The KM literature reveals that scholars have not yet addressed knowledge seeking adequately. References to knowledge seeking are either absent or veiled, or they are unsatisfactory in the standard KM models and frameworks. Lai and Graham have done the most significant work to integrate knowledge seeking with KM models and frameworks and their adapted KM cycle model deserves more attention.

The empirical component of this article will describe some of the features of knowledge seeking in practice in order to critique and elaborate on Lai and Graham’s adapted KM cycle model. Their separation of knowledge seeking from knowledge sharing (in the information management block) suggests that sharing is only about externalised or explicit knowledge. This raises the question of whether one can separate the two processes so sharply from each other and whether both processes cannot or do not occur together in practice.

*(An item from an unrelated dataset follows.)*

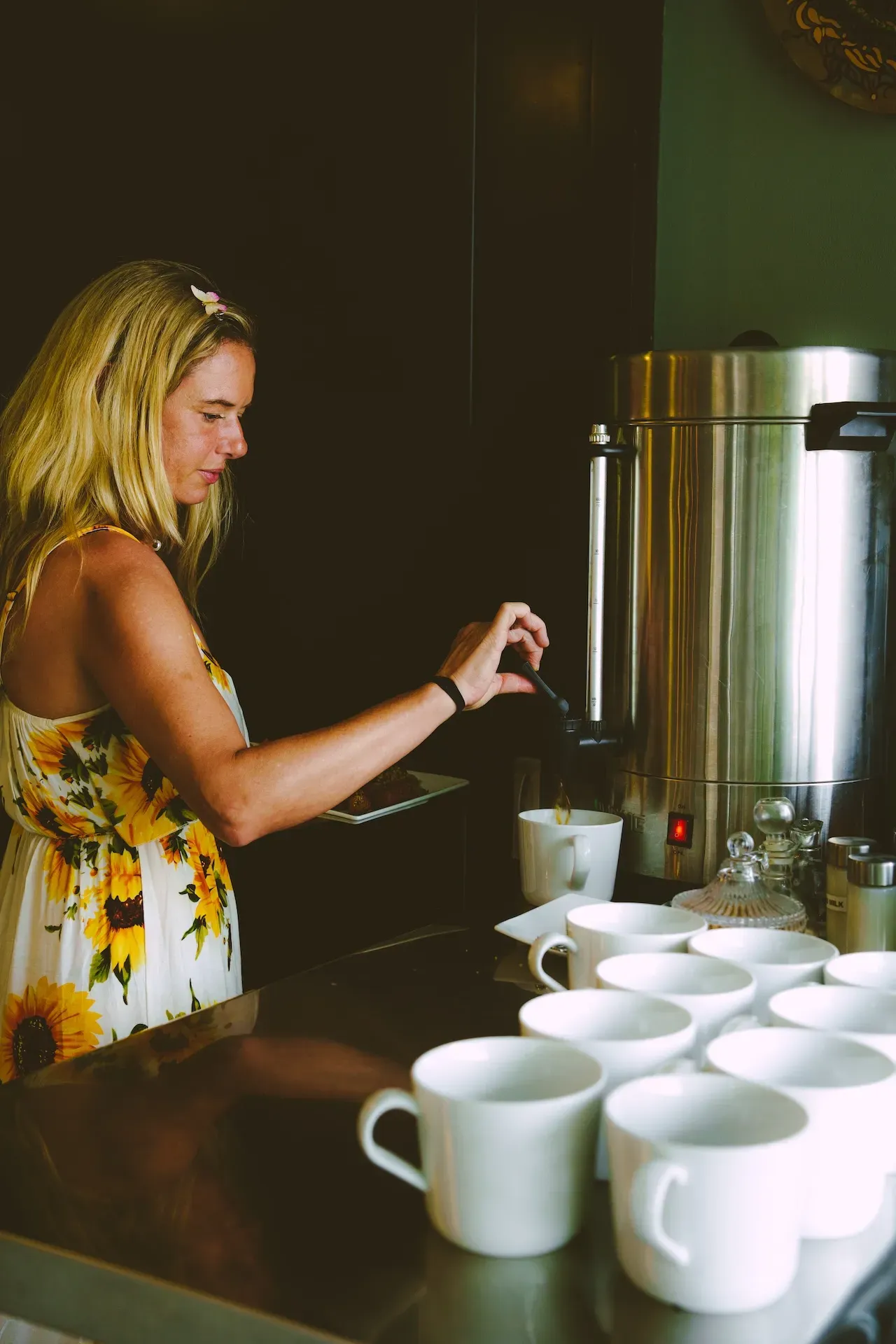 A woman serving herself coffee in Vajra Jahra's dining area.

Evaluations of their views of knowledge seeking as learning and empirical tests of their model are necessary. These assessments will require further research that this study cannot undertake here. Nevertheless, it can make a modest contribution to their model through an empirical examination of some of the features of knowledge seeking.

Research design

The research methodology combines quantitative and qualitative approaches and draws on secondary and primary sources. The target group was three South African companies.

Company A is a small business intelligence consultancy that focuses on high-end market products. Its projects involve planning, implementing and maintaining various business intelligence products and systems. Most projects are long-term, but there are several ad hoc short-term projects.

Company B is an IT department located within a larger company. The employees of the department are responsible for the IT infrastructure of the organisation. Their tasks range from physically installing machines to setting up users on the system and resolving IT related issues. The department requires knowledge about systems and procedures to be stored and easily communicated or shared with new employees for faster induction into the department.

Company C is an insurance company that deals with claims and calculates insurance rates and fees. The company is countrywide and consists of offices spread across the country. However, this study included only the Johannesburg-based branch.

Purposeful sampling is ideal for this study because it looks at the people who seek and share knowledge in the workplace. This is true of the companies the researchers selected and, because all of them engage in these processes, the researchers decided to include all employees in the target groups instead of selecting samples from each. Therefore, this is a population study of the target groups because all their employees are information-rich participants.

The researchers collected their data from questionnaires. The questionnaires consisted of 25 closed and open-ended questions that probed the features of knowledge seeking and sharing. The questions were in four sections. Section A is about the demographic details of the participants, Section B asks questions about knowledge seeking, Section C asks questions about knowledge sharing and Section D tries to identify the knowledge-management tools that employees prefer to use. The researchers mailed the questionnaires electronically to company managers who distributed them to the participants. The managers collected and returned them to the researchers.

Reliability, validity and integrity of the data
In order to ensure the reliability, validity and integrity of the data, the researchers:

• pretested the content and format of the questionnaire with a sample
• made the questionnaire as comprehensible and explicit as possible
• protected the identity of participants to persuade them to answer freely
• triangulated the KM literature, the empirical data and the responses to the open-ended questions to assure validity
• submitted the questionnaire to the University of Pretoria’s Research Ethics Committee for approval before administering it.

Response rates
The various response rates were:

• for company A, the researchers distributed 20 questionnaires and respondents returned 13, yielding a response rate of 65%
• for company B, the researchers distributed 15 questionnaires and respondents returned 11, yielding a response rate of 73%
• for company C, the researchers distributed 33 questionnaires and respondents returned 19, yielding a response rate of 57.5%.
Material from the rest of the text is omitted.